Information shown

# # #

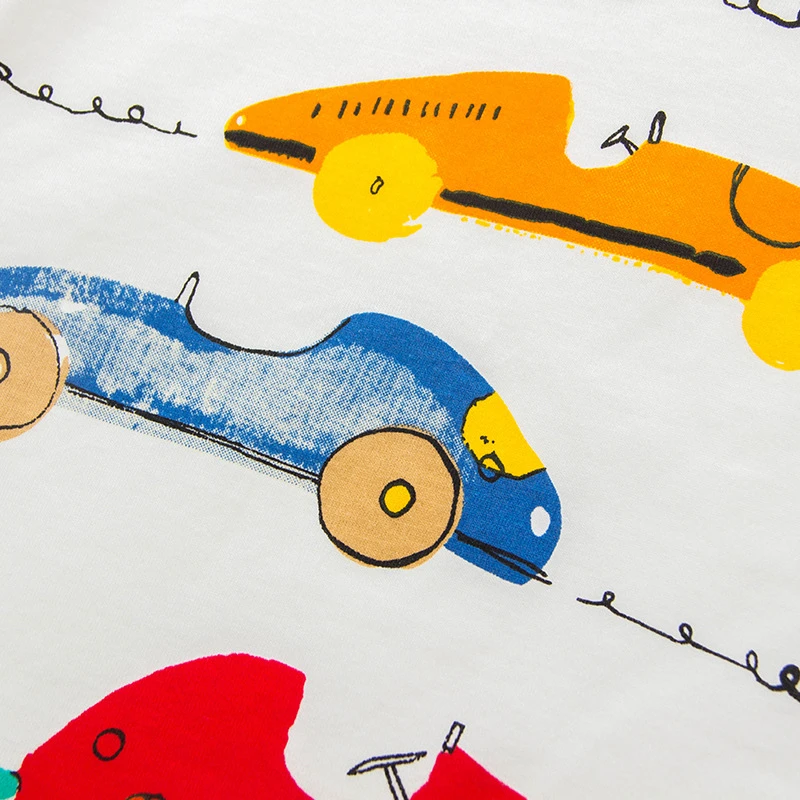 Хлопковые рубашки для маленьких мальчиков Детская летняя футболка с цветным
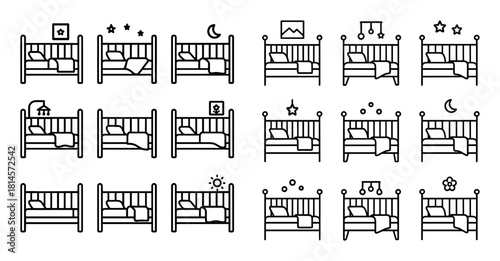 Minimalist Baby Crib Icons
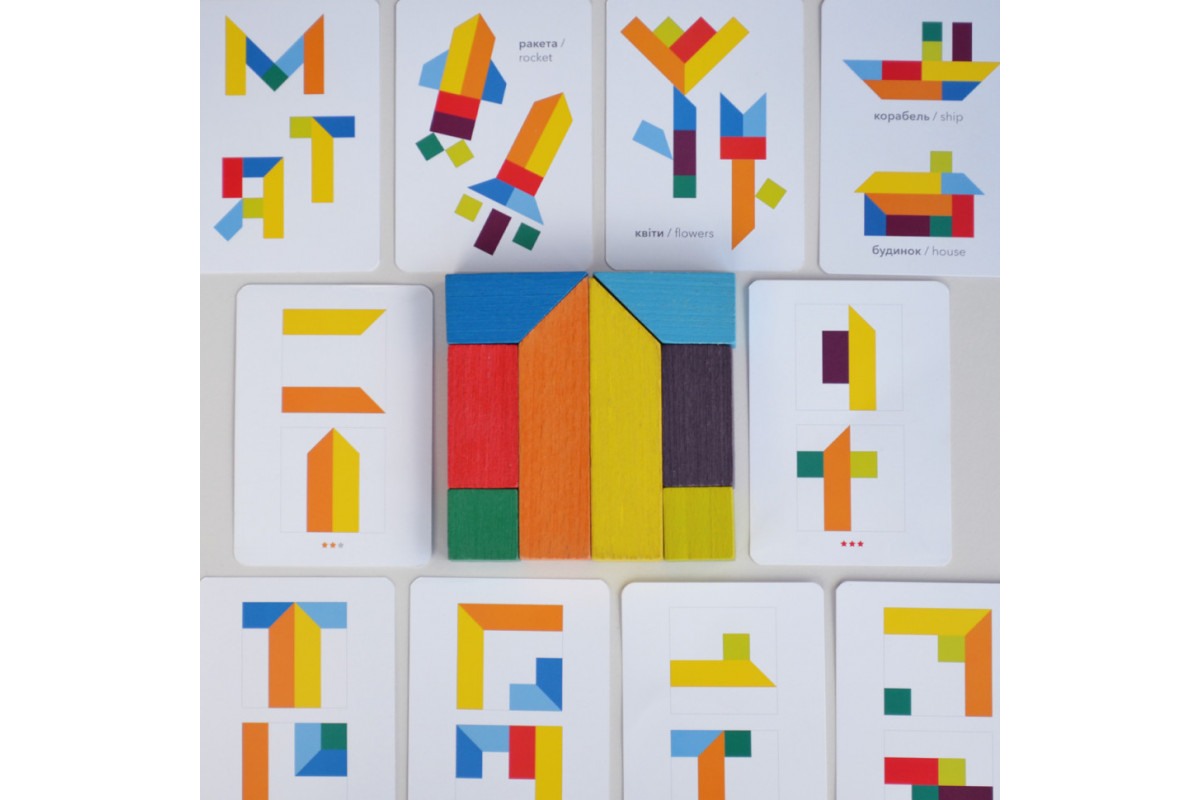 Деревянная головоломка "Танграм 8"  Igroteco 900446, 8 элементов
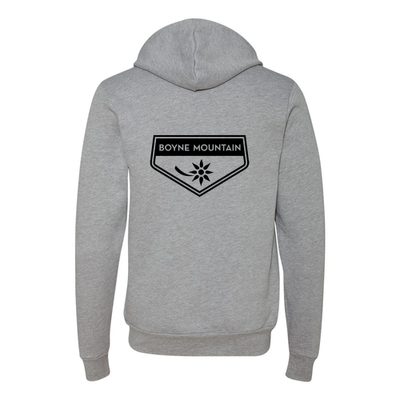Boyne Mountain Adult Hoodie Black Chest and Back Logo Athletic Heather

# # #

What the task requires
Output everything in the material exactly. Pictures stay out of it.

The completed task
 Хлопковые рубашки для маленьких мальчиков Детская летняя футболка с цветным
 Minimalist Baby Crib Icons
 Деревянная головоломка "Танграм 8"  Igroteco 900446, 8 элементов
Boyne Mountain Adult Hoodie Black Chest and Back Logo Athletic Heather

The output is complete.